## What is needed
Repeat everything in the listing exactly, except for the images.

## Collected material
****************

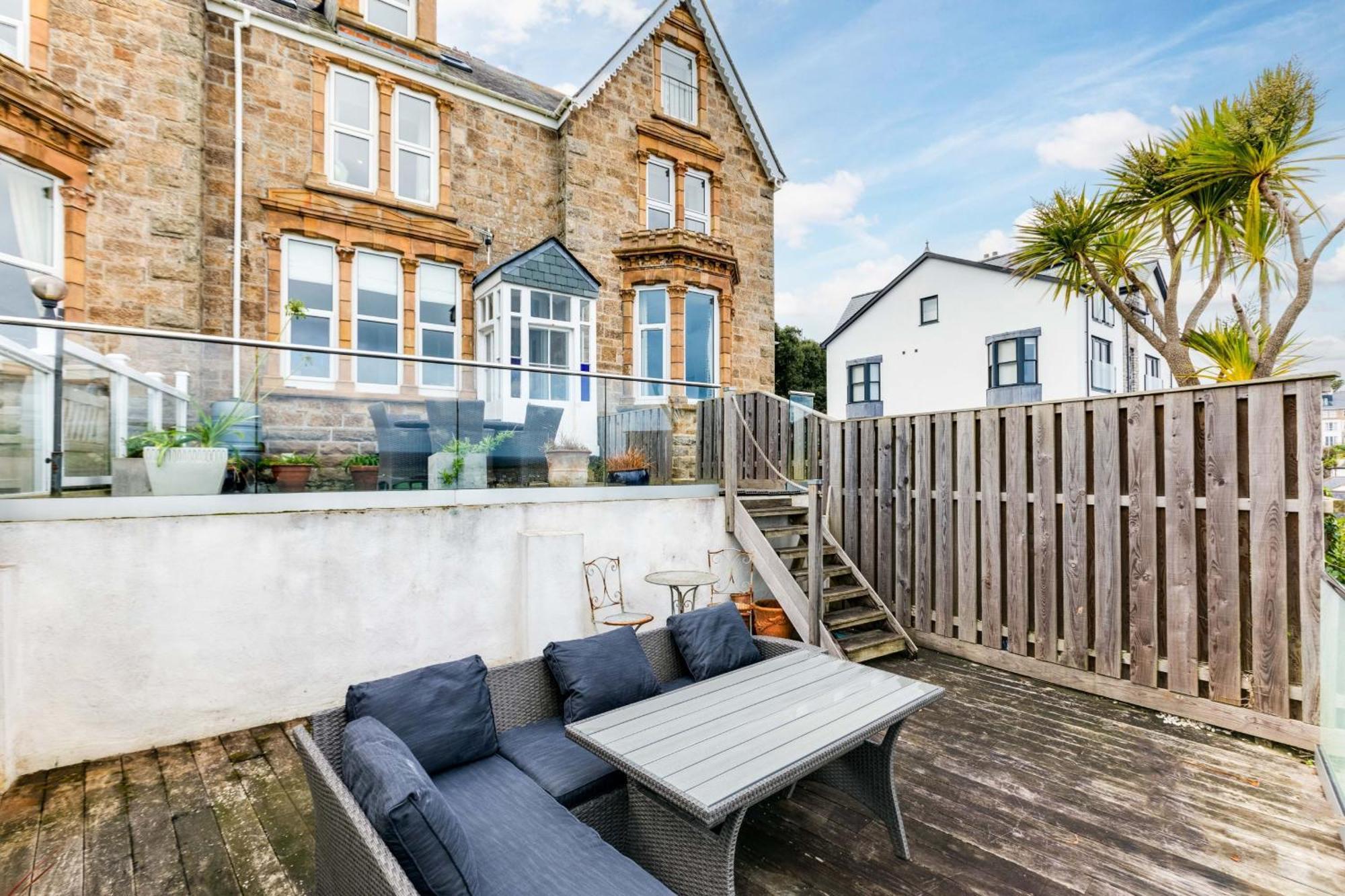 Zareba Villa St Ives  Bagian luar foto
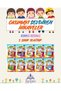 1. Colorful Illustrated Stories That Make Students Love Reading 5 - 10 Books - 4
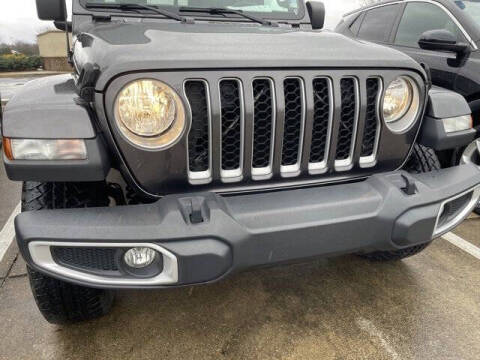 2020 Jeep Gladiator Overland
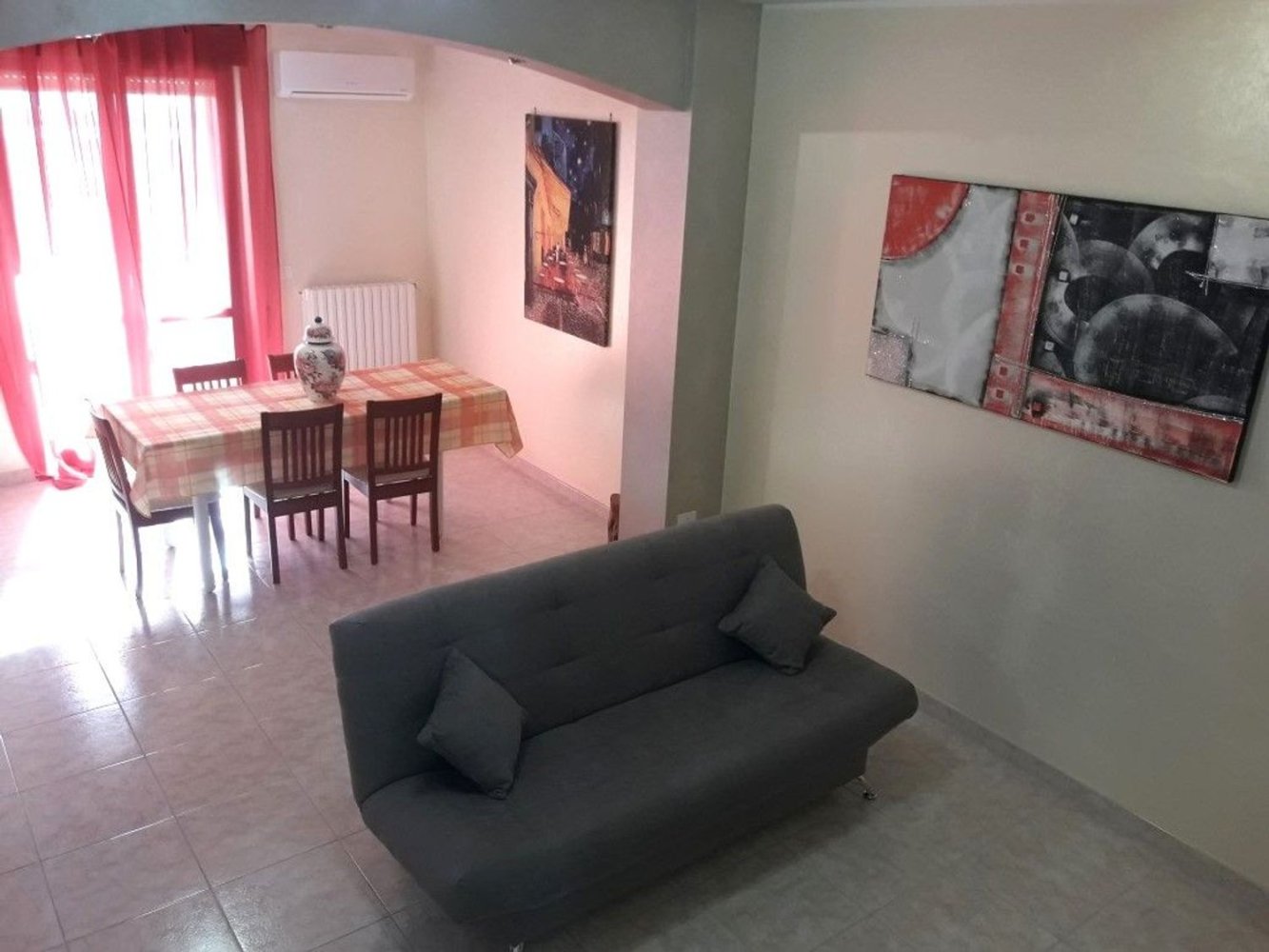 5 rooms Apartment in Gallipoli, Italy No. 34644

****************

## Answer to the problem
 Zareba Villa St Ives  Bagian luar foto
 1. Colorful Illustrated Stories That Make Students Love Reading 5 - 10 Books - 4
 2020 Jeep Gladiator Overland
 5 rooms Apartment in Gallipoli, Italy No. 34644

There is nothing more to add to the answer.